We all love our trail runners. They live by the front or back door begging for us to take them for a spin even when we may not feel like it. They protect our feet and they get us where we need to go. At the same time they aren't inexpensive so having them last as long as possible is important. 

When it comes to trail runners the uppers can easily be the first thing to break down leaving a pair of trail runners with plenty of good life in them useless. I have tried sewing the uppers back together and adding my own overlays. The best results I have had are with creating a rubber rand in the areas the shoes break down with a flexible rubber glue. If I don't glue a pair of shoes before I run in them I usually get 3-5 months out of them. With glue added when new I can get over a year. The money savings and the reduced impact on the environment matter to me so here’s the process that I use. If you have the same problem it might save you some money in shoes and make your favourite pair of trail runners last that much longer. 

Step 1. Buy a new pair of trail runners

I have tried this with old shoes and though it does work, the glue came off quickly. The glue has trouble bonding to a surface that isn't 100% clean.

Step 2. Materials

I buy the glue that I use at Home Depot (pictured). It costs around $8 and will probably do that many pairs of shoes. The glue is flexible. I use duct tape to mask up the are where I want to apply the glue. It makes it look a little neater. Scissors are handy for cutting the tape.

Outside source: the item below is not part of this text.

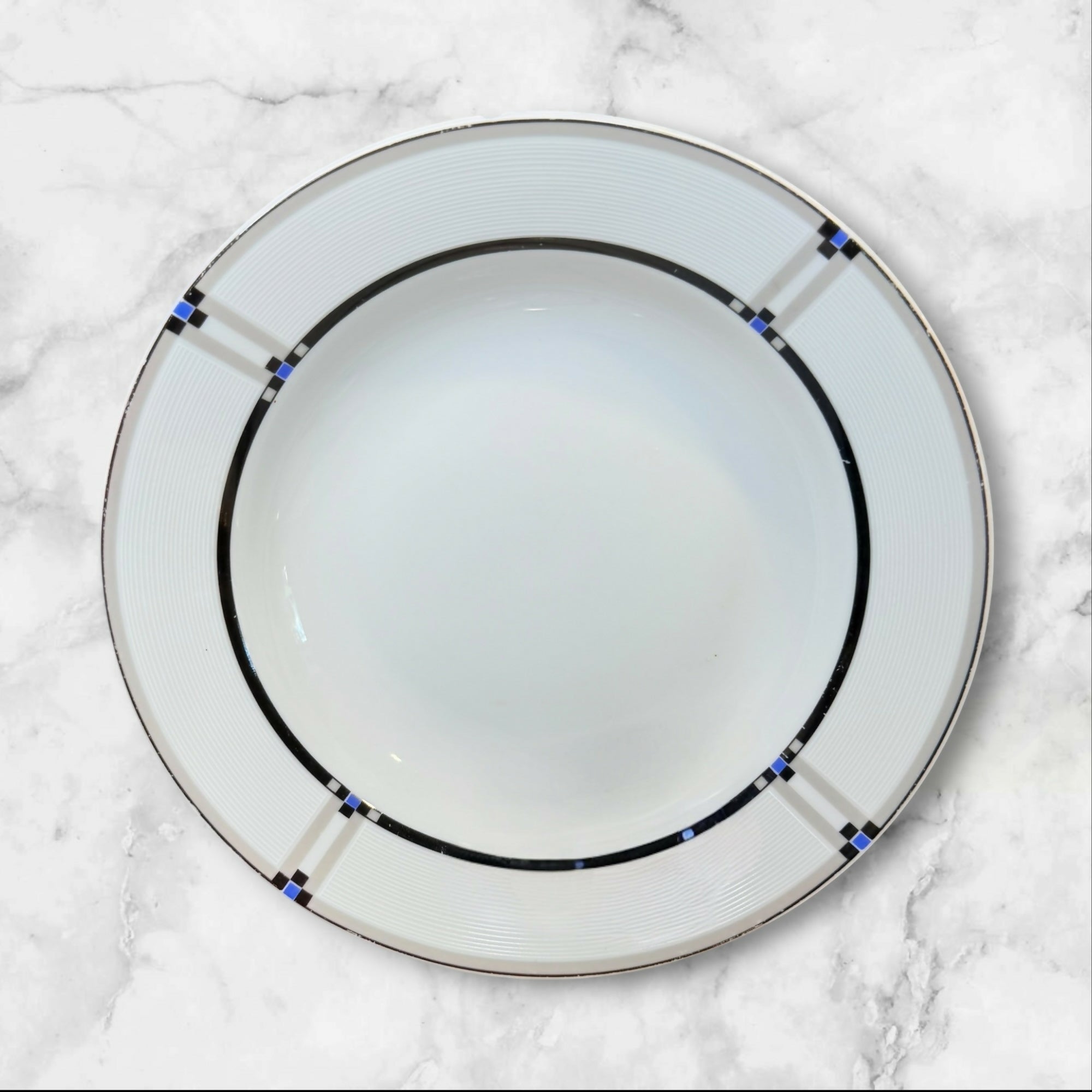 Studio Nova Tangent Black Blue Rim Soup Bowls | Set of 4 | Great Condition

Step 3. Where to apply the Glue

The glued area will keep water in or out so think about that before you choose where to apply it. I just use it in the areas I know from my experience that the shoe is going to fail first (marked with green arrows).

Step 4. Masking

If you want it somewhat pretty, place tape around the border of where you want to apply the glue.

Step 5. Apply Glue

You don't need a lot of glue. I use a piece of tape on the end of my finger as a spreader for the glue. Massage it into the fabric in the area where you are applying the glue. Let the glue set for a few minutes and then remove the tape. If you have something to stick the tape on you can re-use it for the next layer. I usually do three layers. letting the glue dry for 24 hours between coats. The glue dries clear so it makes the area where the glue was applied shiny. As you run in the shoes, get them dirty, expose them to the sun, the rubber will darken and look a lot less pretty. It's small price to pay for having my shoes last twice as long. also it's not a beauty contest out there :)

Step 6. Hit the trails

Now you can get out there and mix it up in the trails knowing that the investment you made in your trail runners will go as far as it can.